*** INFORMATION PROVIDED ***

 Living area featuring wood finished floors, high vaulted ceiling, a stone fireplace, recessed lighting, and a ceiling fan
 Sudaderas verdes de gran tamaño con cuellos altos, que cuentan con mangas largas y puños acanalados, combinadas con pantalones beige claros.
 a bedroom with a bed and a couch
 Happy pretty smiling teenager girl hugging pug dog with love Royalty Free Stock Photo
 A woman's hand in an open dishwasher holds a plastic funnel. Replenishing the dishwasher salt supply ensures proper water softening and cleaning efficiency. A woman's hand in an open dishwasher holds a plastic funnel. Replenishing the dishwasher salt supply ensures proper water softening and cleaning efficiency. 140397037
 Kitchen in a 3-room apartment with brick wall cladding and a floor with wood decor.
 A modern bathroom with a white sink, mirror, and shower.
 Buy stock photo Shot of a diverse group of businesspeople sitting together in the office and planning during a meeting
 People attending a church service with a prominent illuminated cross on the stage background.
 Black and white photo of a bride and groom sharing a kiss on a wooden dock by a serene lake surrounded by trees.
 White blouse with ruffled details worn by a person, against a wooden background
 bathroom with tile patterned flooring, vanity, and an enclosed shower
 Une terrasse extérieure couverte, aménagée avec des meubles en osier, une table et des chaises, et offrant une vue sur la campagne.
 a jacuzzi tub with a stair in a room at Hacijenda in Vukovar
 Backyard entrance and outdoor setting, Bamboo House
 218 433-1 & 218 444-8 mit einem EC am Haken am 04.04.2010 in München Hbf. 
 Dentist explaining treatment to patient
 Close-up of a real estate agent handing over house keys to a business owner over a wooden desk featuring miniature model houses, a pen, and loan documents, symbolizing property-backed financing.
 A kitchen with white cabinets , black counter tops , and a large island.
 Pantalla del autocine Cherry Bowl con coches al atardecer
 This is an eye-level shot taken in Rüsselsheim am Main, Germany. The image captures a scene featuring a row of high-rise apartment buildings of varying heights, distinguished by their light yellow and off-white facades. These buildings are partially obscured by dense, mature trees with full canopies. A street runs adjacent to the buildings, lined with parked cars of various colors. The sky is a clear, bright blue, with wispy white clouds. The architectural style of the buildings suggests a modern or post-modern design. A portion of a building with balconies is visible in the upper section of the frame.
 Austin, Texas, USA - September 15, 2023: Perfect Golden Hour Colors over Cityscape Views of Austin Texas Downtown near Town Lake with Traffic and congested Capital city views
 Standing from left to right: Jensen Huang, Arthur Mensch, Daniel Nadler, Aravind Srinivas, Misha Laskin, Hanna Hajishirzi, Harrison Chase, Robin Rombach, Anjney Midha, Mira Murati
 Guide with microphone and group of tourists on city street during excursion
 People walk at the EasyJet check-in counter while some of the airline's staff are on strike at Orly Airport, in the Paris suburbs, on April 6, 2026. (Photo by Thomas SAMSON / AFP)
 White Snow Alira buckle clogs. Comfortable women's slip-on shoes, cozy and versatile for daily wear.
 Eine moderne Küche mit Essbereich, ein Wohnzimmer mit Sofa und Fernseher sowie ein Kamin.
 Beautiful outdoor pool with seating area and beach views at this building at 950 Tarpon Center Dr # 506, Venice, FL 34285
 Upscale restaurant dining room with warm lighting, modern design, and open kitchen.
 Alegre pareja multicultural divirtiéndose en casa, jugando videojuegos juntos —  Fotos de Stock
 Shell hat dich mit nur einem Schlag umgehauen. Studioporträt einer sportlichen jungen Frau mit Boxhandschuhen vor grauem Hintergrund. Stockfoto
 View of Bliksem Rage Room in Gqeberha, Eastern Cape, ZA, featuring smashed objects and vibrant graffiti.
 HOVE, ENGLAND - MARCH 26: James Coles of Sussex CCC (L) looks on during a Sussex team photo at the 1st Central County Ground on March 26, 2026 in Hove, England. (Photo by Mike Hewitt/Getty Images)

***

**PROBLEM REQUIREMENTS:** In the data above, repeat exactly each line from the first through the line that contains "Happy pretty smiling", and give nothing else.

**PROBLEM SOLUTION:**
 Living area featuring wood finished floors, high vaulted ceiling, a stone fireplace, recessed lighting, and a ceiling fan
 Sudaderas verdes de gran tamaño con cuellos altos, que cuentan con mangas largas y puños acanalados, combinadas con pantalones beige claros.
 a bedroom with a bed and a couch
 Happy pretty smiling teenager girl hugging pug dog with love Royalty Free Stock Photo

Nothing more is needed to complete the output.